Creating plots in R using ggplot2 - part 8: density plots
This is the eighth tutorial in a series on using ggplot2
I am creating with Mauricio Vargas Sepúlveda. In this tutorial we will demonstrate some of the many options the ggplot2
package has for creating and customising density plots. We will use R’s airquality dataset in the datasets
package.
If you enjoyed this blog post and found it useful, please consider buying our book! It contains chapters detailing how to build and customise all 11 chart types published on the blog, as well as LOWESS charts. The book is also actively maintained (unlike the series on the blog) and contains up-to-date ggplot
and tidyverse code, and every purchase really helps us out with keeping up with new content.
The first thing to do is load in the data, as below:
rm(list = ls())
library(datasets)
library(ggplot2)
data(airquality)
In this tutorial, we will work towards creating the density plot below. We will take you from a basic density plot and explain all the customisations we add to the code step-by-step.
Basic density plot
In order to initialise a plot we tell ggplot that airquality
is our data, and specify that our x axis plots the Ozone
variable.
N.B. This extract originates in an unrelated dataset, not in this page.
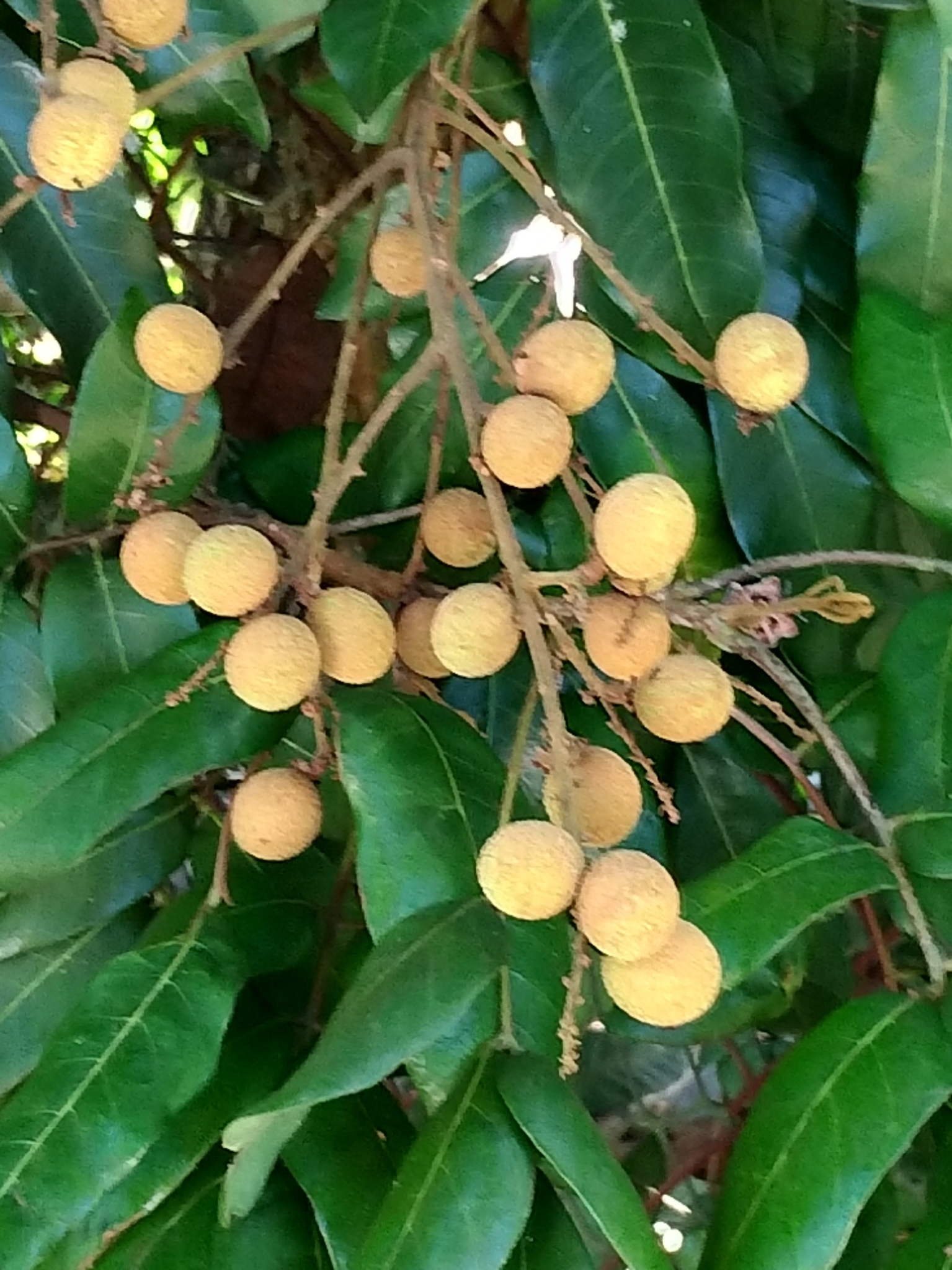 Dimocarpus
We then instruct ggplot to render this as a density plot by adding the geom_density()
option.
p8 <- ggplot(airquality, aes(x = Ozone)) +
geom_density()
p8
Customising axis labels
In order to change the axis labels, we have a couple of options. In this case, we have used the scale_x_continuous
and scale_y_continuous
options, as these have further customisation options for the axes we will use below. In each, we add the desired name to the name
argument as a string.
p8 <- p8 + scale_x_continuous(name = "Mean ozone in parts per billion") +
scale_y_continuous(name = "Density")
p8
ggplot also allows for the use of multiline names (in both axes and titles). Here, we’ve changed the x-axis label so that it goes over two lines using the \n
character to break the line.
p8 <- p8 + scale_x_continuous(name = "Mean ozone in\nparts per billion")
p8
Changing axis ticks
The next thing we will change is the axis ticks. Let’s make the x-axis ticks appear at every 25 units rather than 50 using the breaks = seq(0, 200, 25)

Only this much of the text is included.